Rasmus Berg Palm

Picture of me

Machine Learning Researcher and Engineer

About me

Blog

A meandering introduction to VAEs - part 4

We can find a consistent estimator by not using Jensens inequality,

\[\begin{align} \log p(x \vert \theta) &= \log \mathbb{E}_{z_i \sim p(z)} p(x \vert z, \theta) \\ &= \log \lim_{N \rightarrow \infty} \frac{1}{N} \sum_{i=1}^K p(x \vert z_i \sim p(z), \theta) \\ &= \lim_{N \rightarrow \infty} \log \frac{1}{N} \sum_{i=1}^K p(x \vert z_i \sim p(z), \theta) \,, \end{align}\]

where the last line is allowed since $\log$ is continous. This is kind of intuitive, as we take more and more samples, the term inside the log approaches $p(x \vert \theta)$, and in the limit it is $p(x \vert \theta)$, so taking the log gives us $\log p(x \vert \theta)$.

What happens when we don’t take an infinite number of samples though? We can show that it is a biased estimator by using Jensens again,

\[\begin{align} \log p(x \vert \theta) &= \log \mathbb{E}_{z_1, ..., z_N \sim p(z)} \frac{1}{N} \sum_{i=1}^N p(x \vert z_i, \theta) \\ \log p(x \vert \theta) &\geq \mathbb{E}_{z_1, ..., z_N \sim p(z)} \log \frac{1}{N} \sum_{i=1}^N p(x \vert z_i, \theta) = L_N \end{align}\]

Admittedly, this expression can be hard to understand. In the first line we’re taking an expectation over $N$ sample averages. Think of it this way: we sample a $J \times N$ matrix of $z$’s from $p(z)$, and then the inner sum is over the second dimension ($N$), and the expectation is a sum over the first dimension, where we have an infinite amount of samples $J$. This means we’re effectively taking an average with an infinite amount of samples, so we get the expectation back. Another way to think about it is that we’re summing the same infinite amount of samples just in different order. We get the second line by applying Jensens inequality.

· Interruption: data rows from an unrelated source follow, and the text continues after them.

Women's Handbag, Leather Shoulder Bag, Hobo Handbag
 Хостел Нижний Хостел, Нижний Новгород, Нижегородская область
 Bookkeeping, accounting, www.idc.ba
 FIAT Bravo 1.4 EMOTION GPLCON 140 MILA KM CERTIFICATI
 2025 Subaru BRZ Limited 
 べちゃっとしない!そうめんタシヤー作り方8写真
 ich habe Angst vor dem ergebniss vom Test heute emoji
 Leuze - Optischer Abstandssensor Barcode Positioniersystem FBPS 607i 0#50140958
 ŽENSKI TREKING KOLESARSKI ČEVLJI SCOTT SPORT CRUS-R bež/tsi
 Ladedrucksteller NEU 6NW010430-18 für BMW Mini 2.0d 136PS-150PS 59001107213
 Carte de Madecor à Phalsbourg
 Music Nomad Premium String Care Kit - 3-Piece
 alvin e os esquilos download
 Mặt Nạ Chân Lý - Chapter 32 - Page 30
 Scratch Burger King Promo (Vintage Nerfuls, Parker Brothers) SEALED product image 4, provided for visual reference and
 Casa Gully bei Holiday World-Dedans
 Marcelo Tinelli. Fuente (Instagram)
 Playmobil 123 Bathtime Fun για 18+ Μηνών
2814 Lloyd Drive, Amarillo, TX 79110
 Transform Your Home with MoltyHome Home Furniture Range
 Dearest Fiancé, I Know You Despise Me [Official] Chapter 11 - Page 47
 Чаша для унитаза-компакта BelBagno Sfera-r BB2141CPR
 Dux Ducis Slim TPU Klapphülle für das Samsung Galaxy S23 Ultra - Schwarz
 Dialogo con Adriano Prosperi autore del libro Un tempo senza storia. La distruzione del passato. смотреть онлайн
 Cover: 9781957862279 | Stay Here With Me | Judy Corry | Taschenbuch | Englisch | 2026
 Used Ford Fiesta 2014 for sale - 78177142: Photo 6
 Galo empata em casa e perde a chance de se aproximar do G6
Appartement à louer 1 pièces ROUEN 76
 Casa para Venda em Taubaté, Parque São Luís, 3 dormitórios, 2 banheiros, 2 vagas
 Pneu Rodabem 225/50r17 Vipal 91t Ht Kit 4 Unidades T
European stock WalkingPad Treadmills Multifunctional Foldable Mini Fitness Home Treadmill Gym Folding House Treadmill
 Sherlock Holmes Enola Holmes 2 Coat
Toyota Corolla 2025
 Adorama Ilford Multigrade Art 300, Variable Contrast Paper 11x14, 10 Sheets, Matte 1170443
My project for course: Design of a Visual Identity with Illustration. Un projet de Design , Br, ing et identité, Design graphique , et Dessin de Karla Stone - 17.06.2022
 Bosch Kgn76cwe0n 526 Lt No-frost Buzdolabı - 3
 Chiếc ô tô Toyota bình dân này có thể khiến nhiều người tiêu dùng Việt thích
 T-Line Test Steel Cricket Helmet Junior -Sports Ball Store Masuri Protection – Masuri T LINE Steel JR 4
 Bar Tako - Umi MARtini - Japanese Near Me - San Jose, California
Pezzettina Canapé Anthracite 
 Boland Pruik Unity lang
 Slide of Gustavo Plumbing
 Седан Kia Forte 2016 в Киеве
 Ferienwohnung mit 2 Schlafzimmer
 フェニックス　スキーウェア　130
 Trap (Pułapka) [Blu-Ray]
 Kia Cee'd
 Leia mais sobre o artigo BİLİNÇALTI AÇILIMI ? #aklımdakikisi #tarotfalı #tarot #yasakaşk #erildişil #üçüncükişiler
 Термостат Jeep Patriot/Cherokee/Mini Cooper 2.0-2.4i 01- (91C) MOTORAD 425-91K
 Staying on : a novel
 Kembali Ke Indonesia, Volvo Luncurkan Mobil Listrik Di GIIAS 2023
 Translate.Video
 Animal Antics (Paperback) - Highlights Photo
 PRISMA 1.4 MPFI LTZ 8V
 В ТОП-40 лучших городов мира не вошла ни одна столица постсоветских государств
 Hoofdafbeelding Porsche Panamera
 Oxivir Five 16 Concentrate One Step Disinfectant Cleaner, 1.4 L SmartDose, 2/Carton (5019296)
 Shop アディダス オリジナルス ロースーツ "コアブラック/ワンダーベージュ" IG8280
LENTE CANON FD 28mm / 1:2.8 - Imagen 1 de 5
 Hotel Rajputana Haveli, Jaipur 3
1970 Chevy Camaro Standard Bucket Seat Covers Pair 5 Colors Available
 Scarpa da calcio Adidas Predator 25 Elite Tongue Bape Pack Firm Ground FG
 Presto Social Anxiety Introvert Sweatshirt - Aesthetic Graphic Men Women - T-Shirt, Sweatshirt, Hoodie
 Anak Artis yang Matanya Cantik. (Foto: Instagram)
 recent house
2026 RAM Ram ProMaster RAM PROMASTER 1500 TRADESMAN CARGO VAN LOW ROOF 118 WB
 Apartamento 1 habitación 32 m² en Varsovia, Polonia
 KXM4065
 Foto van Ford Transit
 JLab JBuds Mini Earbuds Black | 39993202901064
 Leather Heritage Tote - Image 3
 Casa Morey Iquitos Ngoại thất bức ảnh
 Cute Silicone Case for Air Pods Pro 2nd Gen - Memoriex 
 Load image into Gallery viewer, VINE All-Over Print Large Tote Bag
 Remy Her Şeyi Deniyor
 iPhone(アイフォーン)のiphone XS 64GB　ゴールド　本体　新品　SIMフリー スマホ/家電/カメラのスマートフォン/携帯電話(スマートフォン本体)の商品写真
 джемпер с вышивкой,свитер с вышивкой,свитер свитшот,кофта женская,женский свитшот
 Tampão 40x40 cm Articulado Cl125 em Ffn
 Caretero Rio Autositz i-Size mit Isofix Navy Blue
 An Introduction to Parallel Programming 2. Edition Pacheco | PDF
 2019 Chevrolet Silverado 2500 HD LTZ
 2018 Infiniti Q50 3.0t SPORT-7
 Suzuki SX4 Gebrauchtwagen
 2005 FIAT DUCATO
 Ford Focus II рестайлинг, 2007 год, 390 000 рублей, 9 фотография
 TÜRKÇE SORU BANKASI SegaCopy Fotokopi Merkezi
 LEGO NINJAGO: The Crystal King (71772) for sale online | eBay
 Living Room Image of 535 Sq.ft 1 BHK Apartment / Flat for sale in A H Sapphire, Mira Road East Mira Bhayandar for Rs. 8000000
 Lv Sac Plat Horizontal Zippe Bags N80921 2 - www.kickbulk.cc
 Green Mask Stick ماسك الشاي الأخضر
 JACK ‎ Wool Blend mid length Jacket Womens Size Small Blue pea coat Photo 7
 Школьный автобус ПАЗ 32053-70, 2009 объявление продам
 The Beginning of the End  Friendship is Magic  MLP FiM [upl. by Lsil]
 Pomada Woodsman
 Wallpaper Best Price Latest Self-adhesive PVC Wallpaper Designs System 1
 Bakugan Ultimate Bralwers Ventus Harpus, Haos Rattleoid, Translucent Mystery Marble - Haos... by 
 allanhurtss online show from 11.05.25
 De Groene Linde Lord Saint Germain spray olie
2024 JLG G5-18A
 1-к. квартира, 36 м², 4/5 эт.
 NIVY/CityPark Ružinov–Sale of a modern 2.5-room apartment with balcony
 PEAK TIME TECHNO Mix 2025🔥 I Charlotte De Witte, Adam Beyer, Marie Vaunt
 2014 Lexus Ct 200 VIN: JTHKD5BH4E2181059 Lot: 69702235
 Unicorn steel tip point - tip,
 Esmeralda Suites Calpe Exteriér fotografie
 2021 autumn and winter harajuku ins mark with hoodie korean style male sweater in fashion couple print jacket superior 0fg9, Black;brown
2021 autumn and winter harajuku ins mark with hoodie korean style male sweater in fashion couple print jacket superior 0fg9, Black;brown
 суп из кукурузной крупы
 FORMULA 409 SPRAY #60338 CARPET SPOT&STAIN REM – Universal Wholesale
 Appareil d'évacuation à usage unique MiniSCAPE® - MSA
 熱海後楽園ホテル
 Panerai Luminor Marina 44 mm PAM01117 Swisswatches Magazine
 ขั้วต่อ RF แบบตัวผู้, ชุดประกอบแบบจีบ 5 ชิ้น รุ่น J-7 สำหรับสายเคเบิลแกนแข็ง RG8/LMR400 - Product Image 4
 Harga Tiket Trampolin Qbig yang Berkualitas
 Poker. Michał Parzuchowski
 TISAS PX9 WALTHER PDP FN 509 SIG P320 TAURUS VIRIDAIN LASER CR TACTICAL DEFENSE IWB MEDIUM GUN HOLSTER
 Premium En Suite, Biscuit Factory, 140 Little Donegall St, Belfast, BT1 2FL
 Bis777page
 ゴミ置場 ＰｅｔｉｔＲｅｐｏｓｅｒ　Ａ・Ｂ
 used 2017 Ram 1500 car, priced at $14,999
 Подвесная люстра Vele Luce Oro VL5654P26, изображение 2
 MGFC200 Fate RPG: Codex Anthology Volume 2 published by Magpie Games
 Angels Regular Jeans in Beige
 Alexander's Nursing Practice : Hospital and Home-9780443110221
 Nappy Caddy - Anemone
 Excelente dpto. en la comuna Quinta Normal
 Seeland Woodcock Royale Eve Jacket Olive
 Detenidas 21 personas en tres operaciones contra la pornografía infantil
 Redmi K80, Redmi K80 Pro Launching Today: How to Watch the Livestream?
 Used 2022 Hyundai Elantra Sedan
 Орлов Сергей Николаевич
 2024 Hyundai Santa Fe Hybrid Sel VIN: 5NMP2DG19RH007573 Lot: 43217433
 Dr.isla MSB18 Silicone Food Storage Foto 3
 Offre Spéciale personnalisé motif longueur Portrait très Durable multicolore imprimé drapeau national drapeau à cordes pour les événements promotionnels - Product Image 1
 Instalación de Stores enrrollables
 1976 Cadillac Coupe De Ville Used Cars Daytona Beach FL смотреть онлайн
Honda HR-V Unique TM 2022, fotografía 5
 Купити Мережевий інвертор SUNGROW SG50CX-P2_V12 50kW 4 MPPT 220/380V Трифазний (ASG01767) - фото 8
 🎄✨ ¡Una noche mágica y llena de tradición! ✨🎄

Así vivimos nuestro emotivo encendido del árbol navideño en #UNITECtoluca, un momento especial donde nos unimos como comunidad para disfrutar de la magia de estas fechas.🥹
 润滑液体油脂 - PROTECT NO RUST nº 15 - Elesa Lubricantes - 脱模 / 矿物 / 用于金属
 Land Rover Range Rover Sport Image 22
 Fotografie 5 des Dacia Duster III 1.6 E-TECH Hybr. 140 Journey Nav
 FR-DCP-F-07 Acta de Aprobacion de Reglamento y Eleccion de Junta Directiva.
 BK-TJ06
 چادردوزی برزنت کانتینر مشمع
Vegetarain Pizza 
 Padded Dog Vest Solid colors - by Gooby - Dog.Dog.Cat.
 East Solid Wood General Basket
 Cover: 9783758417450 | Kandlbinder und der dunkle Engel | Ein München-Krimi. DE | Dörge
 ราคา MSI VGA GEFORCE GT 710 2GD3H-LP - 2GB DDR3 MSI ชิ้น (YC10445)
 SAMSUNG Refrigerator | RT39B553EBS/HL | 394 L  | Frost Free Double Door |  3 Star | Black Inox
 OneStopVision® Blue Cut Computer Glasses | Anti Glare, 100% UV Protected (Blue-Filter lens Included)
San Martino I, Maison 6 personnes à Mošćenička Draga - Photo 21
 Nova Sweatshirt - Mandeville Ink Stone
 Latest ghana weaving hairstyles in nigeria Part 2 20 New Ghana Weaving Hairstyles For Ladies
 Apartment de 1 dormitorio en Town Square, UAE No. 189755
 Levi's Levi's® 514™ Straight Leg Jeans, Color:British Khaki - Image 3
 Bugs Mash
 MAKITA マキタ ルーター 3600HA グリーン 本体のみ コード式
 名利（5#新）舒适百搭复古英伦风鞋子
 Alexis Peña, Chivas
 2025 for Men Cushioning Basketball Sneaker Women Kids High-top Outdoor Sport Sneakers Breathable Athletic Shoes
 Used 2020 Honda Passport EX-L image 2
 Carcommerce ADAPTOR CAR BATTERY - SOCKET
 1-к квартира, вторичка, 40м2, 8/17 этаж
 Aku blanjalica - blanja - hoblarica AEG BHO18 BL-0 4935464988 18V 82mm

So now we can see that the full expression is a lower bound, and the term inside the expectation is a biased but consistent estimate. We already know what happens as $N \rightarrow \infty$, then the bound becomes an equality. We can also see what happens when $N=1$, which is that we recover our previous bound, $\log p(x \vert \theta) \geq \mathbb{E}_{z_1 \sim p(z)} \log p(x \vert z_1, \theta)$, which we know didn’t work very well. It can be proven that as $N$ increases the bound becomes tighter, such that $L_k \geq L_m$ for $k \geq m$.

You can see this notebook for some code that shows what happens as $N$ increases. For now, we’ll press ahead. We can estimate the lower bound $L_N$ with $J$ outer samples and $N$ inner samples and maximizing it we’ll be maximizing an approximate lower bound on $\log p(x \vert \theta)$. Notice that now there’s both inner and outer samples. More inner samples make the bound tighter, i.e. brings us closer to $\log p(x \vert \theta)$, and more outer samples reduce the variance on the estimate of this bound. We’ve seen where $N=1$ and $J=128$ got us in the last experiment, so now we’ll try the other way so that $J=1$ and $N=128$. In short we will be maximizing the right thing estimated poorly, instead of maximizing the wrong thing, estimated accurately.

One final trick before we can start implementing. The astute reader will notice that we’re still computing in probabilities inside the sum, and not log-probabilities. However, with a little arithmetic, we can use the logsumexp trick. The logsumexp trick is a trick for computing functions of the form $f(x) = \log \sum_i e^{x_i}$, in a numerically stable way.

\[\begin{align} \log \frac{1}{N} \sum_{i=1}^N p(x \vert z_i \sim p(z), \theta) &= \log \frac{1}{N} \sum_{i=1}^N \exp{\log{p(x \vert z_i \sim p(z), \theta)}} \\ &= \text{logsumexp}_{i=1}^N \left[ \log p(x \vert z_i \sim p(z), \theta) \right]- \log N \,. \end{align}\]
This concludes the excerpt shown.